Despite the gloomy prognosis beforehand, the WTO’s Bali ministerial meeting earlier this month was a great success, concluding the most significant multilateral trade agreements since 1994. Since the Doha Round was launched in 2001, many commentators say that the Bali package is thin gruel, but the package is a tangible result, which is more than can be said for many of the bilateral and regional negotiations under way. And it leaves the door open to reconfigure the remaining Doha Round issues into a new WTO agenda to be developed early in 2014. The willingness of the major players to compromise in Bali, even India in the end, allows for some optimism about the prospects for further multilateral trade agreements in the WTO.
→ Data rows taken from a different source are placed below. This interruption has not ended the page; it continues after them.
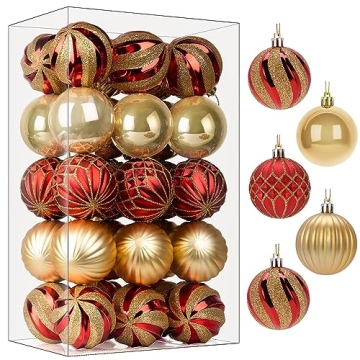 SHareconn 30ct 2.36 Inch Christmas Tree Balls Ornaments, Colored Shatterproof Plastic Decorative Bau...
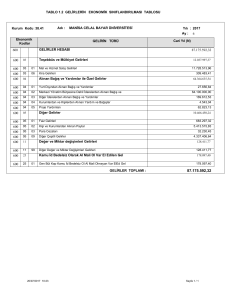 TABLO 1.2 GELİRLERİN EKONOMİK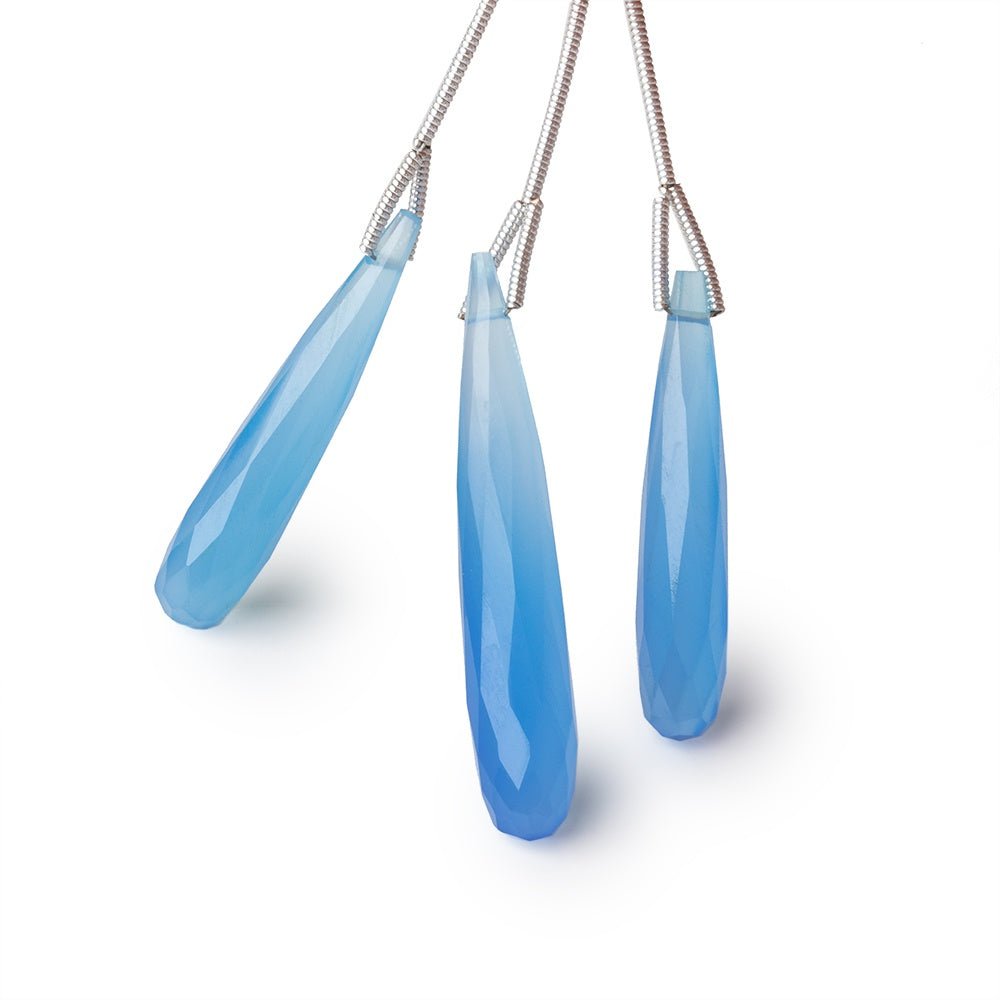 24-37mm Santorini Blue Chalcedony Faceted Tear Drop Pendant Set of 3 Focals (ONLINE ORDER ONLY)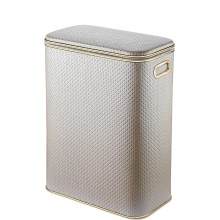 Корзина для белья Geralis PLG-B PUNTO бежевая, кант золото, стандартная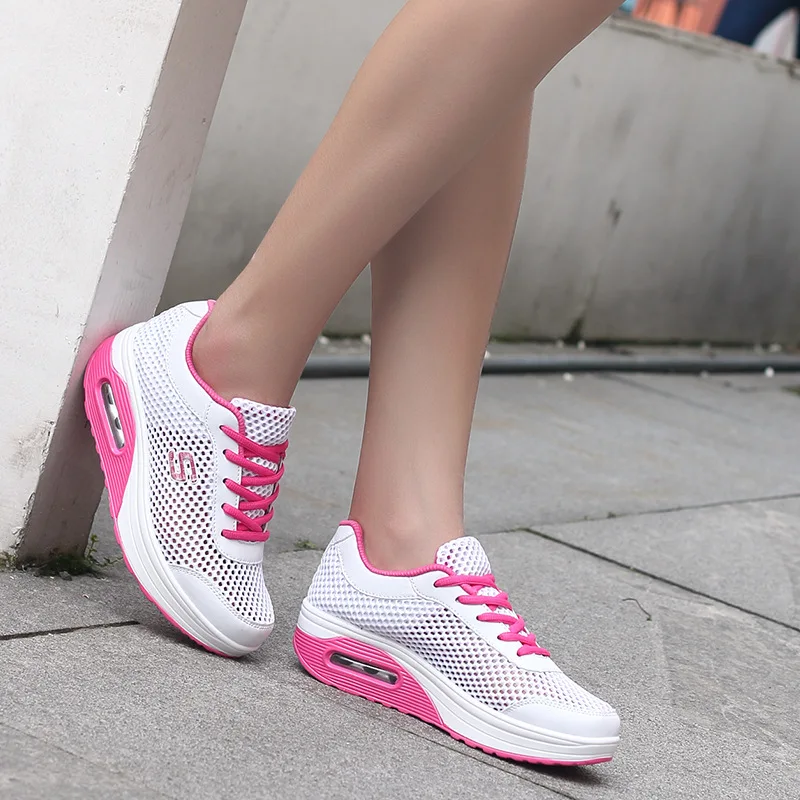 

2017 Summer Sport Superstar Shoes Woman Super Breathable Cool Thread Empty Net Air-Cushion Shoes Zapatos mujer Casual Footwear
The biggest uncertainty concerns China, a trade behemoth whose institutional role is not yet commensurate with its weight in the world economy. Negotiations on China’s application to join the plurilateral (limited membership) WTO Government Procurement Agreement have been disappointing so far. Updating the 1996 Information Technology Agreement is urgent, given the pace of technological change. Negotiations among the 78 participants collapsed last month, largely because of Chinese sensitivities about including some products, with no date set for resumption.
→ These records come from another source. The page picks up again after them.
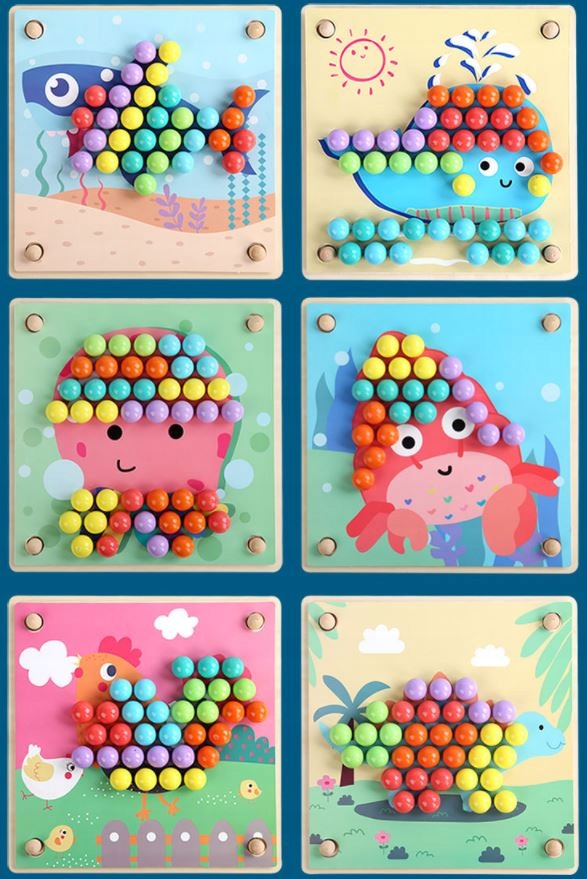 MONTESSORI DREWNIANA UKŁADANKA z KULKAMI DREWNIANY SORTER GRA PUZZLE DZIECI Bohater brak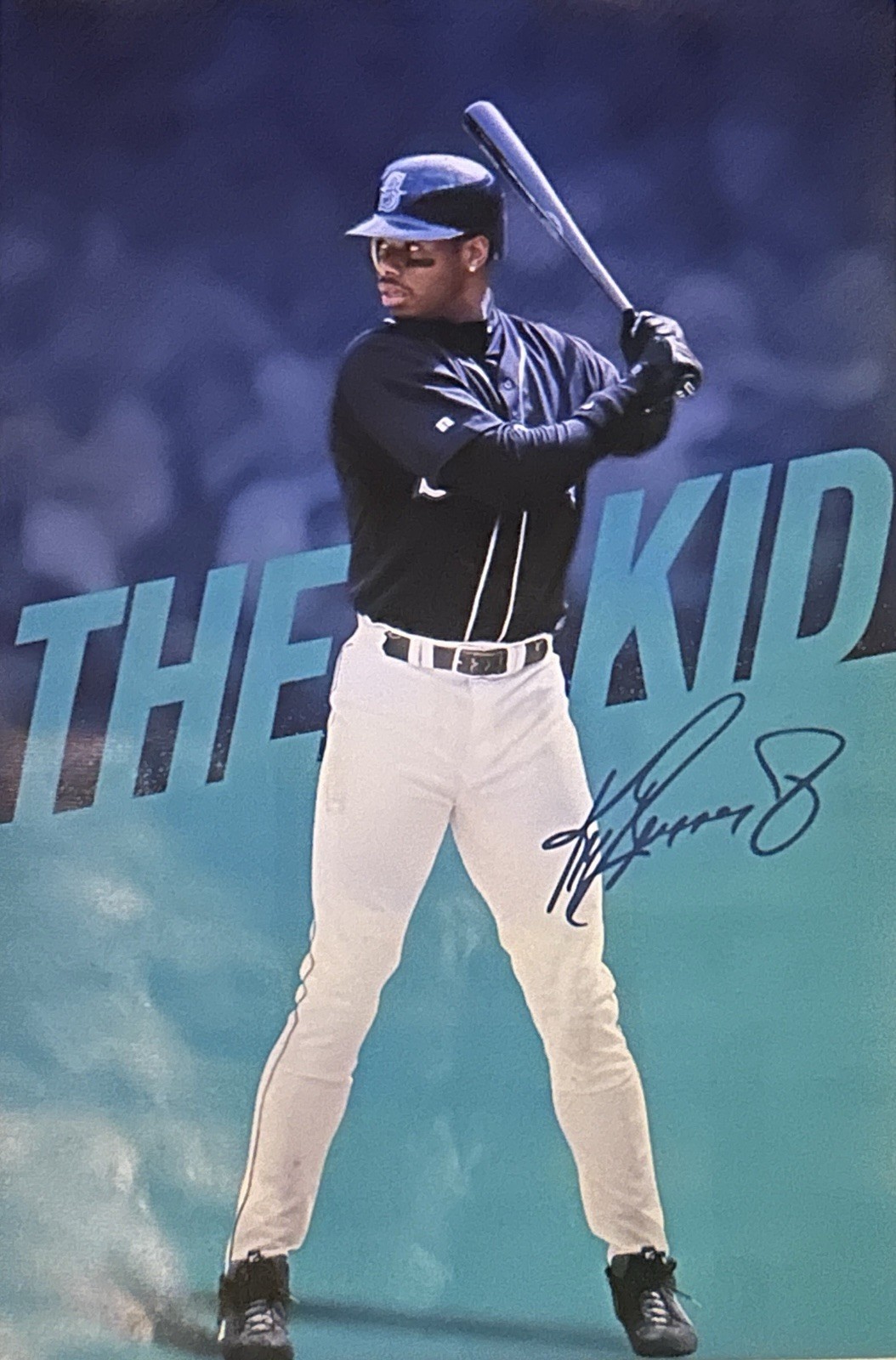 Ken Griffey Jr THE KID 2019 Frameless Canvas Wall Art Indoor Room 12×18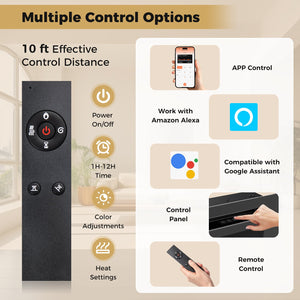 Smart WiFi Electric Fireplace Wall Mounted & Recessed 750W/1500W Heater-68 Inch view 9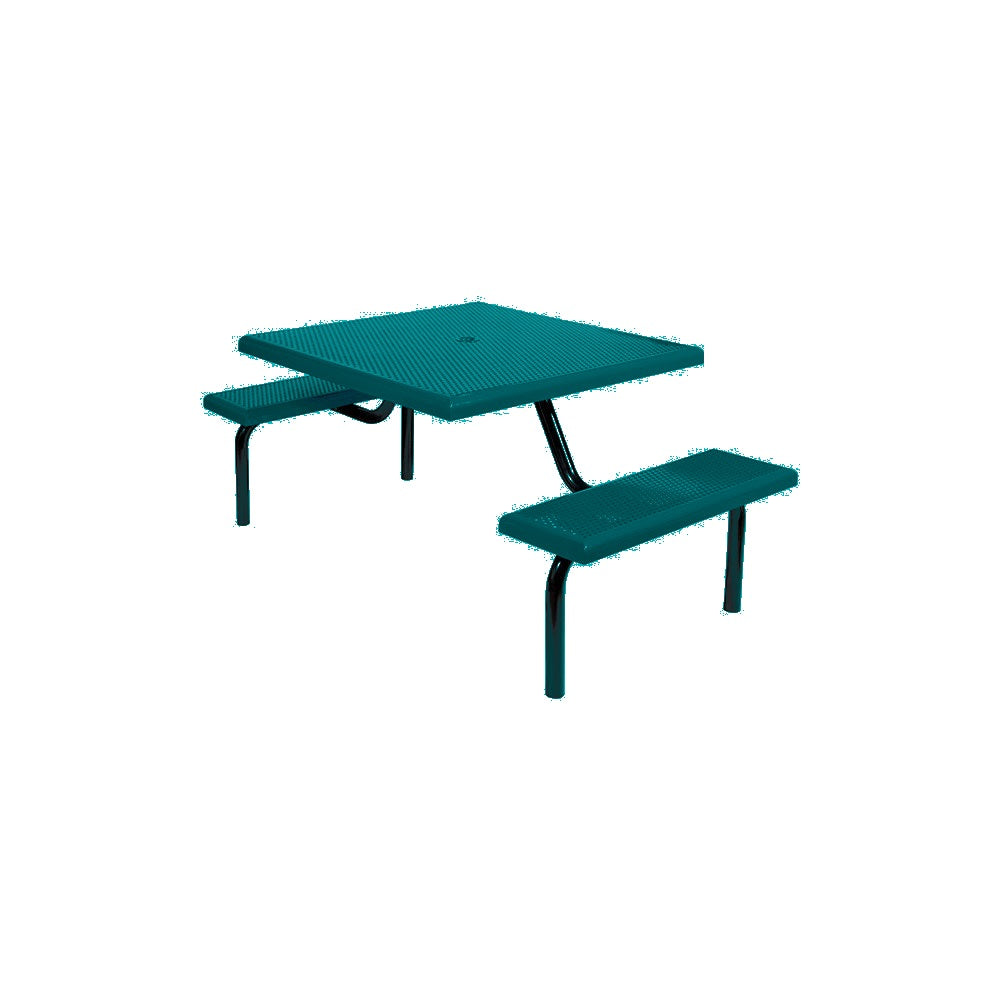 MF1022 Square Modular 2-Bench ADA Table — Metal Powder Coat — S8 Teal — digitally rendered color preview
China has signalled an interest in joining Canada, the U.S., the EU and other advanced economies in the negotiations for a new Trade in Services Agreement (TiSA), but whether interest will translate to serious engagement is not clear. Meanwhile the Canada-China Economic Complementarities Study released in August, 2012, languishes with no apparent efforts under way to move toward some sort of closer trade relationship.
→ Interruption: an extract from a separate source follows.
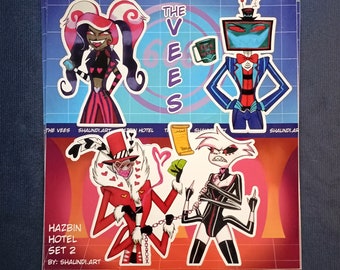 Hazbin Hotel the Vees Stickersheet - Vox, Velvette, Valentino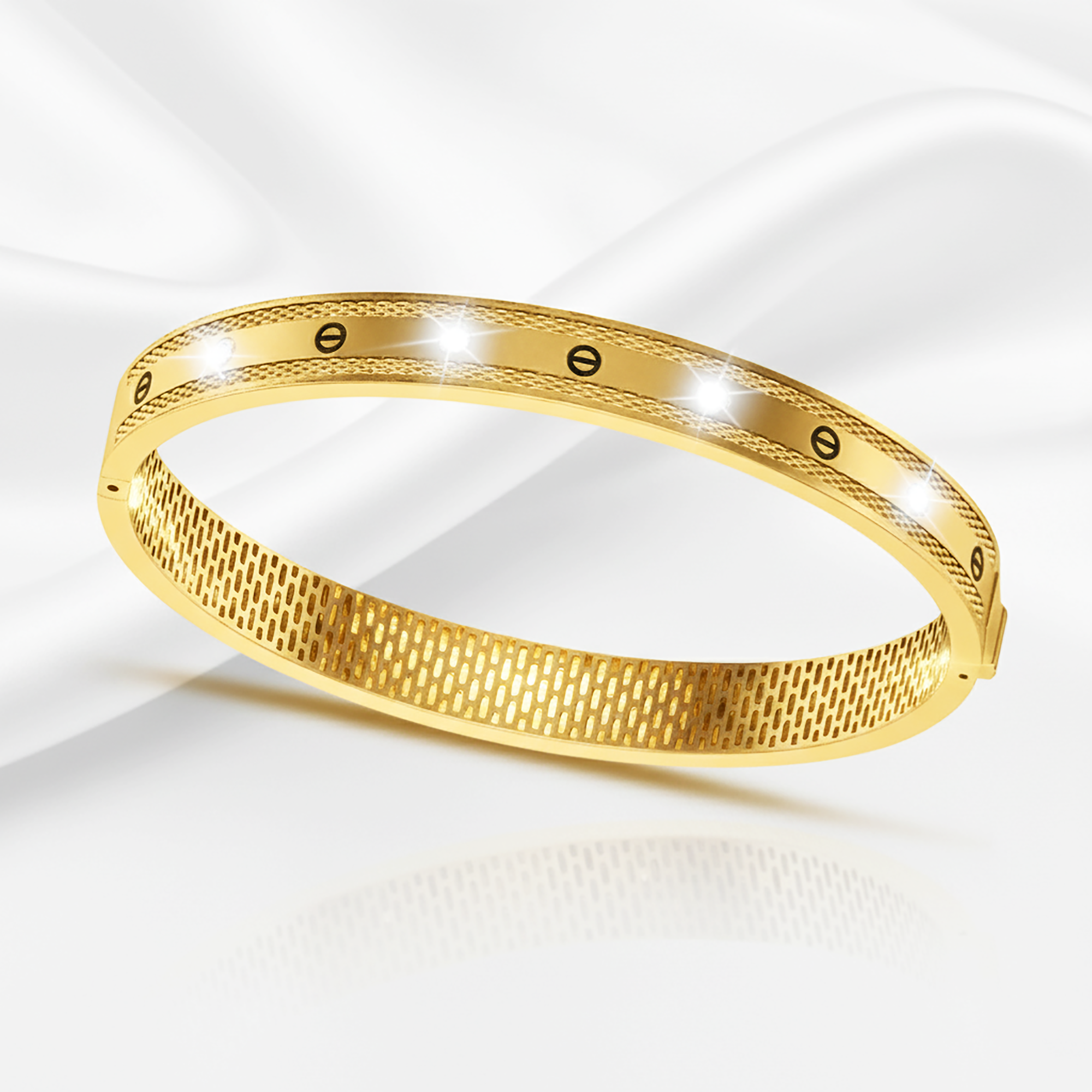 Elegant Textured Gold Kada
If the devil is indeed in the details, here is one detail that might indicate China’s intentions. The highlight of the Bali package was the trade facilitation deal. Developed countries must implement all of the agreement’s provisions as soon as it enters into force. During the process of completing the legal text in the next few months, developing countries, including China, may choose which provisions will be implemented immediately, and which ones will take more time.

If China puts most of its implementation in the immediate category, that would be an encouraging sign that the country is ready to play a role of responsible, multilateral leadership.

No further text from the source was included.